Jacopo Nicola Bergamo, su Le parole e le cose, ha fatto una critica mirata e accademicamente centrata di questa seconda parte del libro, cogliendone le debolezze:

“Per quanto riguarda i soggetti trasformativi individuati da Saitō per l’instaurazione del futuro comunismo della decrescita, si ripresenta un certo cliché della sinistra movimentista. Saito individua tra questi le cooperative (tra le quali il modello basco di Mondragone), i gilet gialli francesi, i giovani per il clima e le varie associazioni di attivisti ecologisti nate negli ultimi anni, il municipalismo con Ada Colau in testa, oltre ai classici Zapatisti, Kurdi del Rojava e Via Campesina. (…) Come poi questi soggetti si debbano unire non è chiaro, sembra implicito un convergere spontaneo, tutto da dimostrare, verso un progetto comune di redistribuzione, tempo libero e difesa/affermazione dei beni comuni, buen vivir, giustizia climatica, reddito di base e autogestione”.

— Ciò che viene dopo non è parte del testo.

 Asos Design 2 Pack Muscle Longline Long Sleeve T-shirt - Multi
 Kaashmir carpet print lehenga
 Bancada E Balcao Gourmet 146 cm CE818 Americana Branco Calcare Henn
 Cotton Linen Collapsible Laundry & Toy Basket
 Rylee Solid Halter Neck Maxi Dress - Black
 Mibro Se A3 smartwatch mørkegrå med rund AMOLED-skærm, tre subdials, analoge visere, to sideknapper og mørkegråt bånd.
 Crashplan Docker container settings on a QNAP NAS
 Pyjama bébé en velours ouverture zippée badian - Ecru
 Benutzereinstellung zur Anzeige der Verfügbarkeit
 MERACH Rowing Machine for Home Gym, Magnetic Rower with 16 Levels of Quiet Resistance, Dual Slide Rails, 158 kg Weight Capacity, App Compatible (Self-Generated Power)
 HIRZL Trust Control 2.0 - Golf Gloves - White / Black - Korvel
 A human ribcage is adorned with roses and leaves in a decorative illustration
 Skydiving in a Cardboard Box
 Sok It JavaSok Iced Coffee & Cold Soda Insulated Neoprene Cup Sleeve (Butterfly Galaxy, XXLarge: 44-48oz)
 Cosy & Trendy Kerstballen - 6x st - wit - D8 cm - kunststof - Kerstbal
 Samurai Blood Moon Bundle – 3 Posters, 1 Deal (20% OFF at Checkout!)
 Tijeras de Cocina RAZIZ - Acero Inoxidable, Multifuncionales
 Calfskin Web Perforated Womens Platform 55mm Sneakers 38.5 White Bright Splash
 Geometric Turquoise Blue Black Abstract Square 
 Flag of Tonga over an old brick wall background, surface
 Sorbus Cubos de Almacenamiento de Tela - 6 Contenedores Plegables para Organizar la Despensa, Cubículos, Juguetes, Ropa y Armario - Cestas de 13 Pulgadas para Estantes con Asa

Mi spiace aver tenuto il colpo di scena alla fine. Il capitale nell’Antropocene da solo non ci salverà. È lecito pensare però che in questi anni Saitō affinerà il proprio pensiero altrove, nei prossimi lavori o al di fuori delle pagine di un saggio. Nel frattempo ha scritto un libro con molti meriti, un grimaldello che ha permesso di raggiungere lettori e luoghi di solito impermeabili a questi temi. Non mi viene in mente un altro saggio radicale di filosofia politica, per quanto divulgativo, che nel recente passato sia stato capace di fare altrettanto.